**Definition.** Let $$(X,d)$$ be a metric space. $$T: X \to X$$ is called a contraction mapping on $$X$$, if it is Lipschitz continuous with constant $$L \in [0,1)$$.

**Theorem** *(Banach fixed-point theorem)***.** Let $$(X,d)$$ be a non-empty, complete metric space, $$f: X \to X$$ a contraction mapping with Lipschitz constant $$L \in [0,1)$$. Then $$f$$ admits an unique fixed point $$x^{\star}$$ in $$X$$. (i.e. $$f(x^\star) = x^\star$$)

*Proof.* First, we prove existence. Let $$a_0 \in X$$ be an arbitrary point, $$\forall n \in \mathbb{N}^+$$ let $$a_n = f(a_{n-1})$$. We may assume $$\exists L \in [0,1) : d(f(a_n),f(a_{n-1})) \leq L d(a_n, a_{n-1})$$. Thus, $$d(a_{n+1}, a_n) \leq L d(a_n, a_{n-1}) \leq L^2 d(a_{n-1}, a_{n-2}) \leq \cdots \leq L^n d(a_1, a_0)$$.

It follows that $$\forall n, k \in \mathbb{N}$$ such that $$n < k$$, we have $$d(a_k, a_n) \leq d(a_k, a_{k-1}) + \cdots + d(a_{n+1}, a_n) \leq L^{k-1} d(a_1, a_0) + \cdots + L^n d(a_1, a_0) \leq \frac{L^n}{1-L} d(a_1, a_0)$$, therefore $$\forall \varepsilon \in \mathbb{R}^+ : \exists N : N < n < k : d(a_n, a_k) < \varepsilon$$.

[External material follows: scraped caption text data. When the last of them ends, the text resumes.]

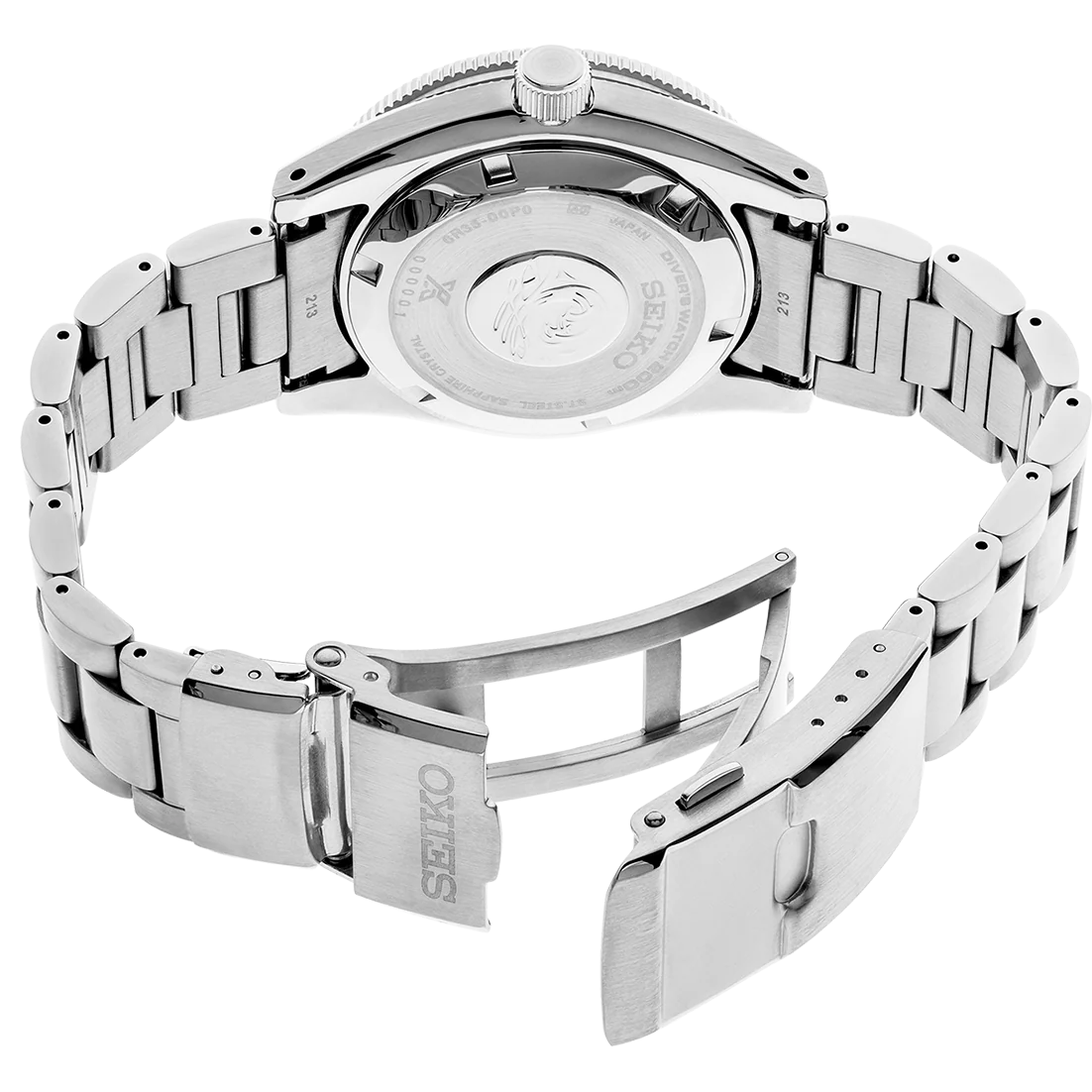 Seiko Prospex | SPB143J1 - Image 3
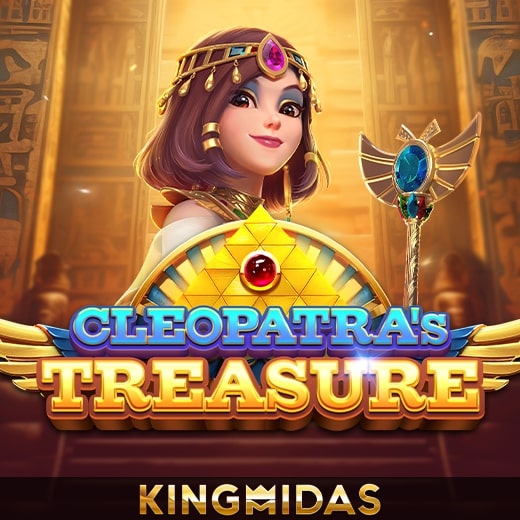 Cleopatra's treasures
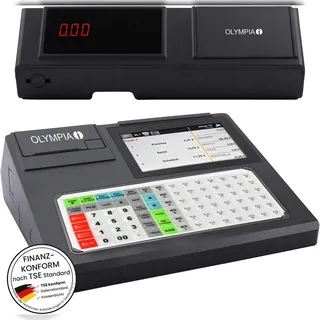 Olympia Registrierkasse K200 Plus
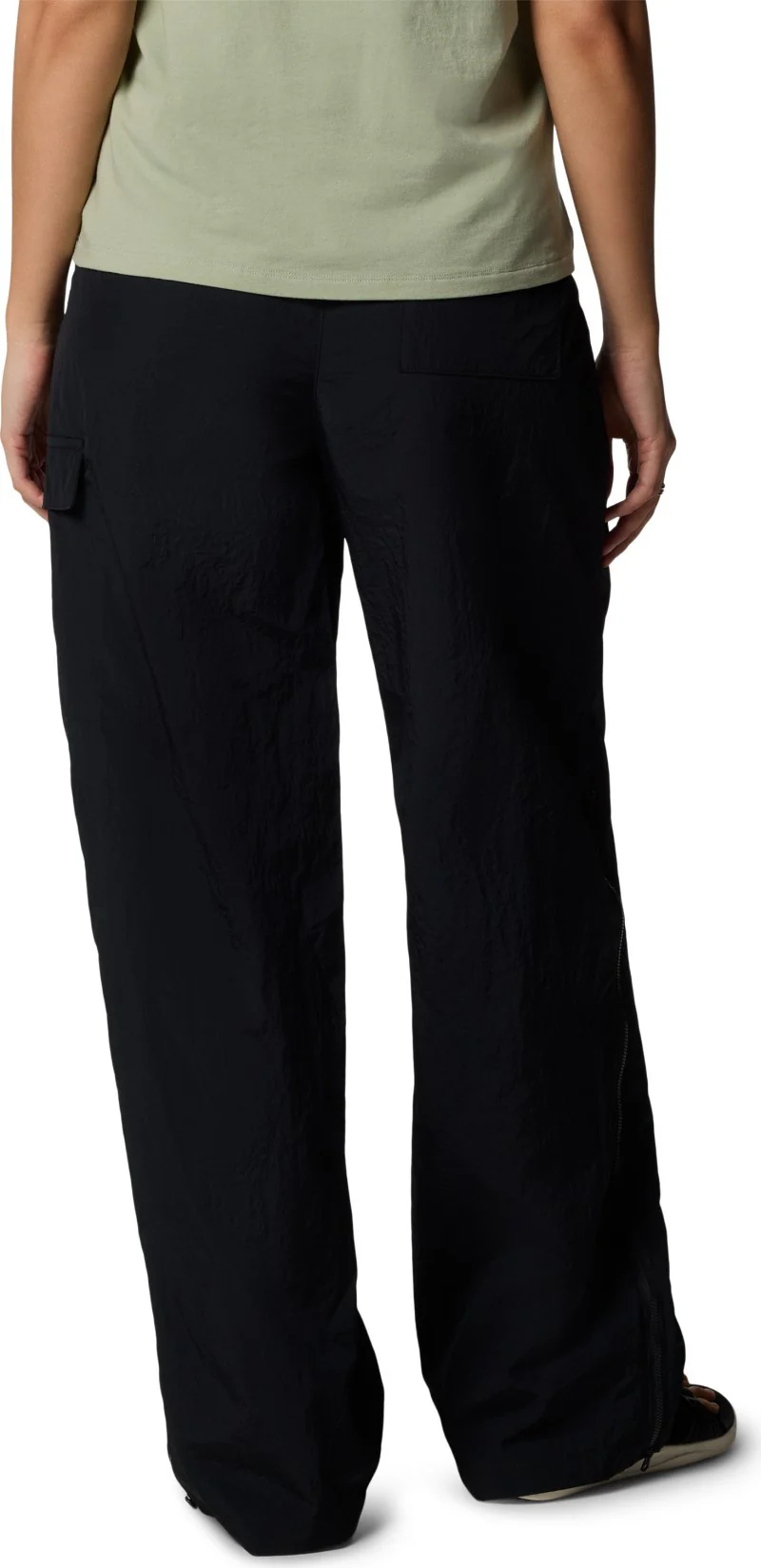 Paracutie Vented Pants, Long - Womens - Image 6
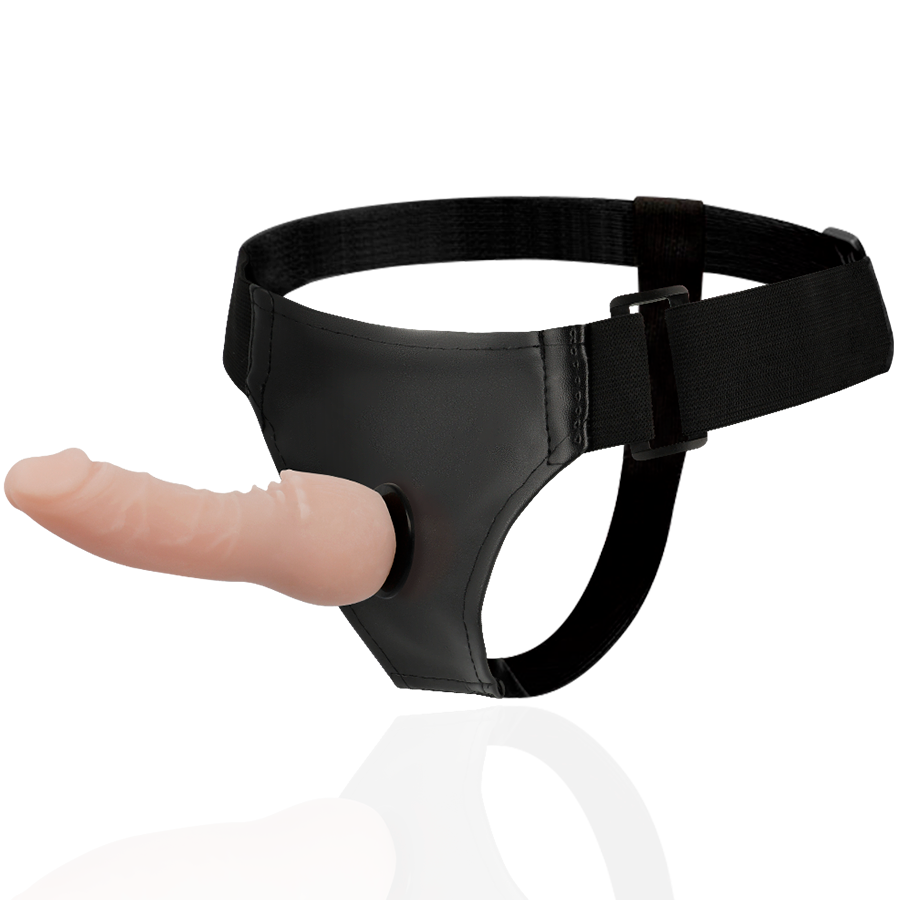 SELE-ATTRAKTION - JAMES 16 CM -O- 3,3 CM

Then, $${a_n}$$ is Cauchy. We may assume $$(X,d)$$ is complete, therefore $${a_n}$$ is convergent. $$\exists ! a = \lim_{n \to \infty} a_n$$. Since $$f$$ is Lipschitz, it is continuous, therefore $$\lim_{n \to \infty} f(a_n) = f(\lim_{n \to \infty} a_n) \iff \lim_{n \to \infty} a_{n+1} = f(\lim_{n \to \infty} a_n) \iff a = f(a)$$.

Now, we prove uniqueness. Let $$a_0, b_0 \in X$$ and $$a_{n+1} = f(a_n), b_{n+1} = f(b_n)$$. The sequences $${a_n}, {b_n}$$ converge to fixed points $$a, b$$ respectively, as shown above. Since $$f$$ is Lipschitz, $$d(f(a),f(b)) \leq L d(a,b) \iff d(a,b) \leq L d(a,b)$$. If $$d(a,b) > 0$$, then $$\frac{d(a,b)}{d(a,b)} \leq L \iff 1 \leq L$$, which is a contradiction, therefore $$d(a,b) = 0$$, hence $$a=b$$. $$\square$$